Lemma 10.134.16 (00S6)—The Stacks project

Lemma 10.134.16. Let $R \to S$ be a ring map of finite type. Let $g \in S$. For any presentations $\alpha : R[x_1, \ldots , x_ n] \to S$, and $\beta : R[y_1, \ldots , y_ m] \to S_ g$ we have

\[ (I/I^2)_ g \oplus S^{\oplus m}_ g \cong J/J^2 \oplus S_ g^{\oplus n} \]

as $S_ g$-modules where $I = \mathop{\mathrm{Ker}}(\alpha )$ and $J = \mathop{\mathrm{Ker}}(\beta )$.

Proof.
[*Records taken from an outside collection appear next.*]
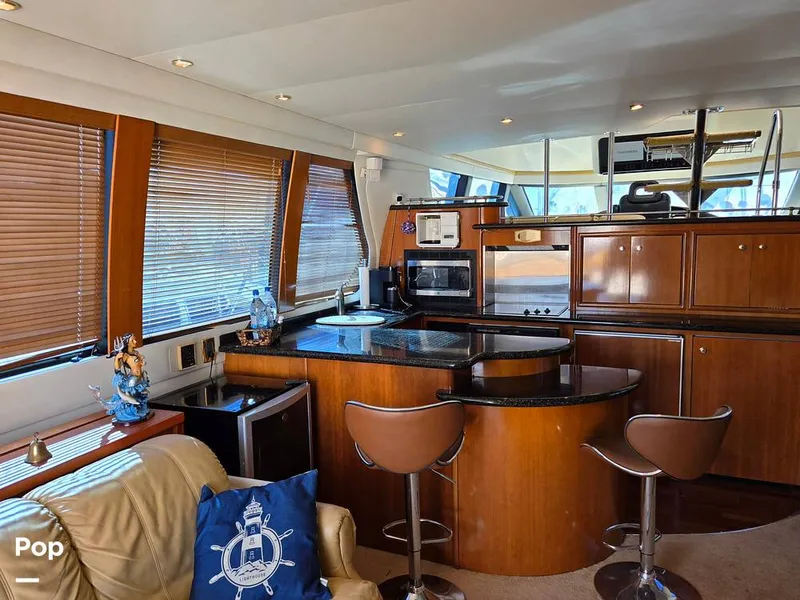 Slide: The Image of Carver Yachts 570 Voyager Pilothouse 2001 - 14966734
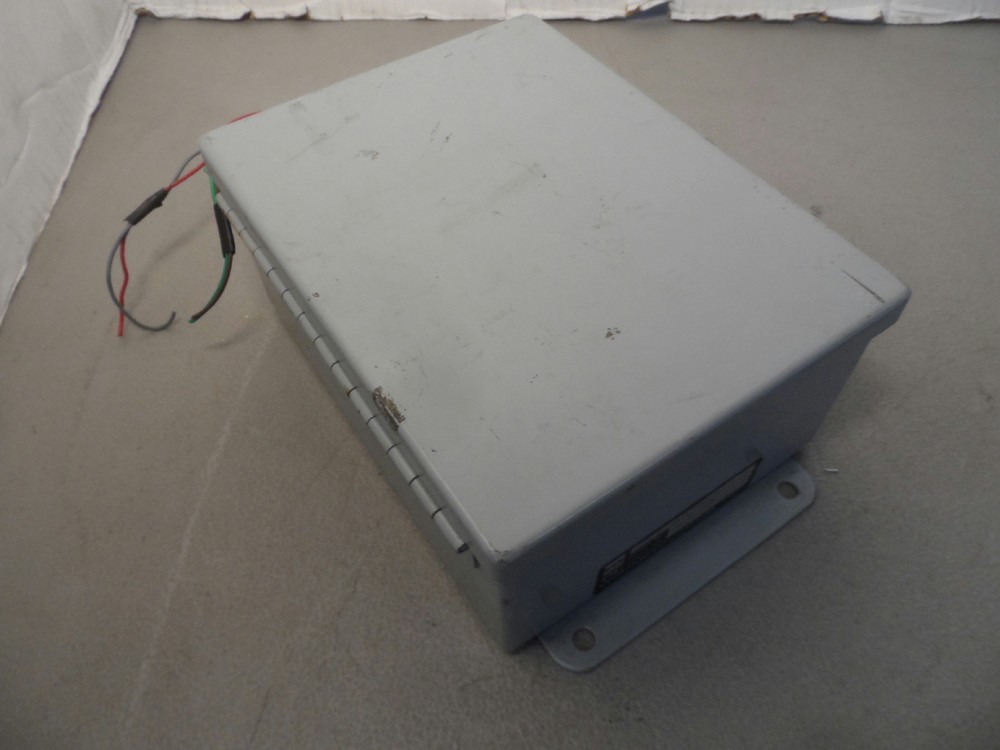 ESC ETM 80 Data Logger S110-5000 Environmental Systems Corp.
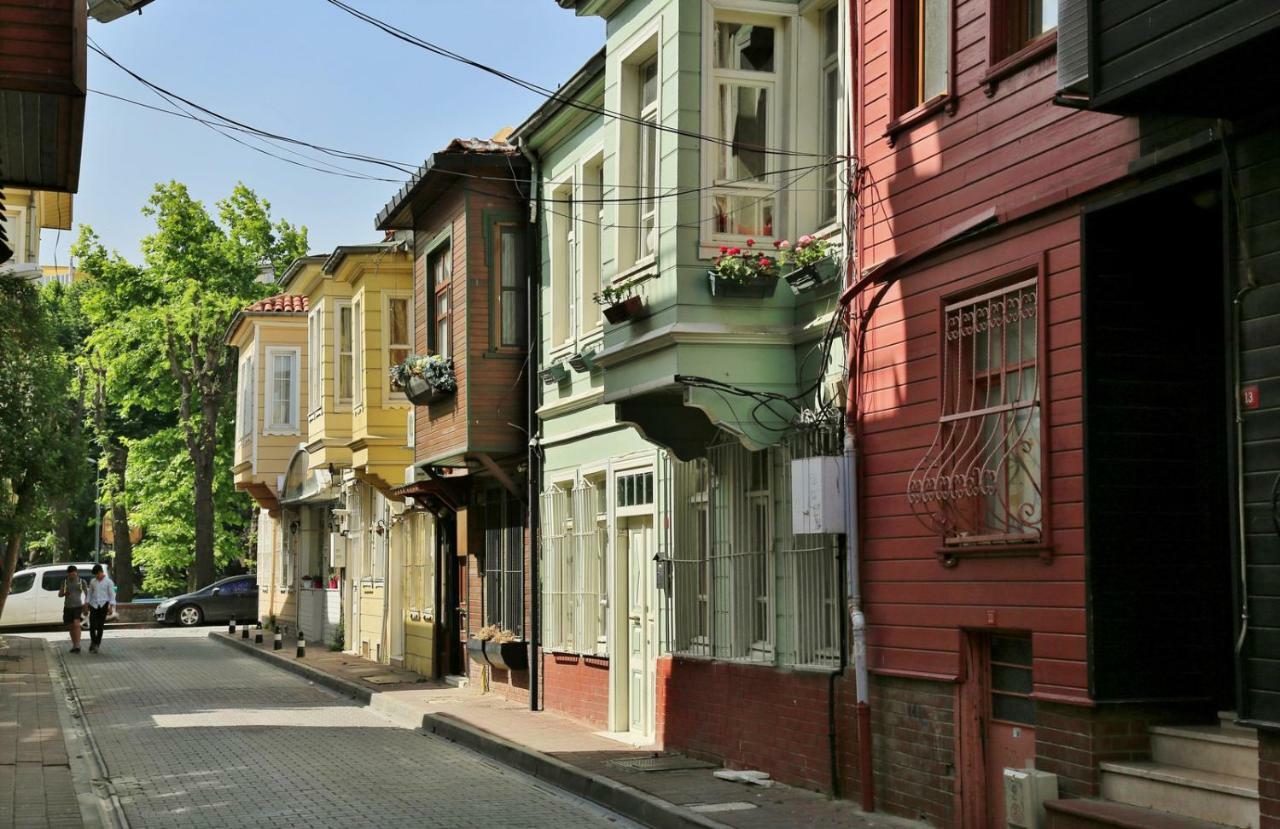 Authentic Apartments Oldcity Istanbul Exterior foto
Let $\beta ' : R[x_1, \ldots , x_ n, x] \to S_ g$ be the presentation of Lemma 10.134.12 constructed starting with $\alpha $. Then we know that $\mathop{N\! L}\nolimits (\alpha ) \otimes _ S S_ g$ is homotopy equivalent to $\mathop{N\! L}\nolimits (\beta ')$. We know that $\mathop{N\! L}\nolimits (\beta )$ and $\mathop{N\! L}\nolimits (\beta ')$ are homotopy equivalent by Lemma 10.134.2. We conclude that $\mathop{N\! L}\nolimits (\alpha ) \otimes _ S S_ g$ is homotopy equivalent to $\mathop{N\! L}\nolimits (\beta )$. Finally, we apply Lemma 10.134.15. $\square$

Comments (3)

Comment #7436 by nkym on June 20, 2022 at 23:36

The result for a single choice of $\alpha$ and $\beta$ seem to yield not the result for the general case, but a similar isomorphism with more $S_g$ added than $m$ or $n$ .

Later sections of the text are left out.